Tuesday, January 04, 2011

Horizontal, and vertical too?

I've just read rather a fascinating book. It's not just the subject matter - the lived tensions between varieties of Islam and Christianity (and some indigenous traditions) in Nigeria, Sudan, Somalia, Indonesia, Malaysia and the Philippines - though this eye- opening stuff is enough to make the book worth reading. It's also the way in which Eliza Griswold, a fearless poet turned investigative journalist, navigates this complex and often tragic terrain. (She interviewed some of the scariest people you'll ever read of over 7 years of research along the 10th parallel.) I take particular pleasure, as you'd expect, at her casual overturning of commonplaces, one especially: the main conflicts aren't between traditions but within them, especially as the newer forms of recent revivals challenge older forms.

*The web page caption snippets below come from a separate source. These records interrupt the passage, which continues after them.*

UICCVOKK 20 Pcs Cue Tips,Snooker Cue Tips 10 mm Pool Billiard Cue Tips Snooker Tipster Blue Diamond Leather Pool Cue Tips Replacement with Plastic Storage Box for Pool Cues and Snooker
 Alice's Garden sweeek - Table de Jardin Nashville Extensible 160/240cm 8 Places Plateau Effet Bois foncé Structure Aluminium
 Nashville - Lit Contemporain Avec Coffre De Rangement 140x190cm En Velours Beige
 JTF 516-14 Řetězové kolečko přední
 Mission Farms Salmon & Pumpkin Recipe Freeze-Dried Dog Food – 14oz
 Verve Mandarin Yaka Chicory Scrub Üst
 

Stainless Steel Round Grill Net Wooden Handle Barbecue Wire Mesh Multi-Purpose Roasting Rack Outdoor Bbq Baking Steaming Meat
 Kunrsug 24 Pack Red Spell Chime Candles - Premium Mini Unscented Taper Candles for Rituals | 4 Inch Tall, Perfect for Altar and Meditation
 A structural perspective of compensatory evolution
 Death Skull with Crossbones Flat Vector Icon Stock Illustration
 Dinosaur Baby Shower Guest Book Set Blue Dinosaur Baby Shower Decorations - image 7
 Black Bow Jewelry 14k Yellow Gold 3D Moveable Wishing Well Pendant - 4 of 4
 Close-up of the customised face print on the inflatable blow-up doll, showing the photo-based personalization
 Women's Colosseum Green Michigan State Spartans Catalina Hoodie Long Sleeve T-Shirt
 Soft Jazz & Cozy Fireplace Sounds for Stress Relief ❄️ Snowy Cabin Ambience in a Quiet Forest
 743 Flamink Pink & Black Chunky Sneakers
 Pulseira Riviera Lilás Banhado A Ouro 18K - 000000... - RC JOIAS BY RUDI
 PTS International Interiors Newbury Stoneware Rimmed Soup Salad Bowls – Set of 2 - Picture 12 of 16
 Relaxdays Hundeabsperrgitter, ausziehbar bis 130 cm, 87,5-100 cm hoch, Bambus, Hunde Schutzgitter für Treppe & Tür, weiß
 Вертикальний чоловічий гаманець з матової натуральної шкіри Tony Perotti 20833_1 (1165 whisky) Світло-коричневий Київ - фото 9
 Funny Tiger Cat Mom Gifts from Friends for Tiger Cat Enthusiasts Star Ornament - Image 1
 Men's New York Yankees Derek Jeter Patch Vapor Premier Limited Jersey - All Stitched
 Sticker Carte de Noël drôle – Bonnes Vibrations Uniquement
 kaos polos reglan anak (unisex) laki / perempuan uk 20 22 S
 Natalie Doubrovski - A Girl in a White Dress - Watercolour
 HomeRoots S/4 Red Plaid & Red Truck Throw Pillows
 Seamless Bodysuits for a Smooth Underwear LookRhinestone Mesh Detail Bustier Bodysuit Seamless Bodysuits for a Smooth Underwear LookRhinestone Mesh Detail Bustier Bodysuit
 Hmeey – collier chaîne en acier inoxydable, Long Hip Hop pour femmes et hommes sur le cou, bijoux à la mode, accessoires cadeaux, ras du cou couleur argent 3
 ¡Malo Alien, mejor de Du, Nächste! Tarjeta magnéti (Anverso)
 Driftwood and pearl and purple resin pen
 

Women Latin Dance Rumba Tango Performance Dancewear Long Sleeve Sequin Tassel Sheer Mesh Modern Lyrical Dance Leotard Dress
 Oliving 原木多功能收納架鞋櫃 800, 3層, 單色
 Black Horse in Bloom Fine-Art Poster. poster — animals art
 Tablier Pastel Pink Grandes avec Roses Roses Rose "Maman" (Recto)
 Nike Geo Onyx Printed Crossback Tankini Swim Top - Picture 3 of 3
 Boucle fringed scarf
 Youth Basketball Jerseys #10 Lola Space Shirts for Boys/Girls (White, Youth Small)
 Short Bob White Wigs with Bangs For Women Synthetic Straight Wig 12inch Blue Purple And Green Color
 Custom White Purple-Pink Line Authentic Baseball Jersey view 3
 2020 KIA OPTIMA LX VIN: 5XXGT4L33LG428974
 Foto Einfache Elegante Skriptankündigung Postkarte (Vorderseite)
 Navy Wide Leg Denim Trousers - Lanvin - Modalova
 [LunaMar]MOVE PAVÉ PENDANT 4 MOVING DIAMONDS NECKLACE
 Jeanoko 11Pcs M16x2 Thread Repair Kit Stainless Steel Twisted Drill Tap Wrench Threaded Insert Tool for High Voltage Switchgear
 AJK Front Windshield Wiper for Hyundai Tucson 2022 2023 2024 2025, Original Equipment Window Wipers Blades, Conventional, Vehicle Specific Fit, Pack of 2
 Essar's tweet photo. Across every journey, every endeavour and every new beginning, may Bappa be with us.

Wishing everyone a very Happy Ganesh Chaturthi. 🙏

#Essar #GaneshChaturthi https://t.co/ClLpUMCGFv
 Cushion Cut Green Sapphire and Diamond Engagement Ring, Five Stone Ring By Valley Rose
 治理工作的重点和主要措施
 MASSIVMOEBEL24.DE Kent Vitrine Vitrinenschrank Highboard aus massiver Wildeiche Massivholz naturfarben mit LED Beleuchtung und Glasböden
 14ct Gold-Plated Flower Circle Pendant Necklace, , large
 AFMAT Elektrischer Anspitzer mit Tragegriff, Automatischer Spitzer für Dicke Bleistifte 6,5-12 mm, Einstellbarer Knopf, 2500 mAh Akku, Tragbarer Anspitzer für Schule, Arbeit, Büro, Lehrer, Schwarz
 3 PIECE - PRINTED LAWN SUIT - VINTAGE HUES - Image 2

The tenth parallel, as Griswold explores it, is overdetermined. The torrid zone of Aristotle (sort of), it is also where desert north Africa and its Islam were stopped by tsetse flies and marshes, where the developed but resource-poor Christian north of the Philippines meets the south. Trade winds shape climate, and climate past has generated reserves of petroleum. We tend not to think much about these parts of the world and their conflicts, let alone all at once.

Well, we don't. But I suspect one of Griswold's motivations for writing this book came from others who are very aware of it: American Evangelicals. I'm embarrassed I didn't know that a Brazilian evangelist named Luis Bush in 1990 described what he called the "10/40 window" - the area where the most unevangelized people in the world live (especially Muslims) - and that missionary-loving Evangelicals have been organizing missions, exchanges, education and prayer-interventions ever since. (The map above is from here.) Griswold has an intimate awareness of Evangelical projects and their opposition to liberal Protestantism: she's the daughter of Frank Griswold, who was Presiding Bishop of the Episcopal Church when Gene Robinson was elected bishop of New Hampshire. She gives an account of a brief flash of recognition with another "PK" (preacher's kid), Franklin Graham, son of Billy Graham, in her splendid 13th chapter, "Choose."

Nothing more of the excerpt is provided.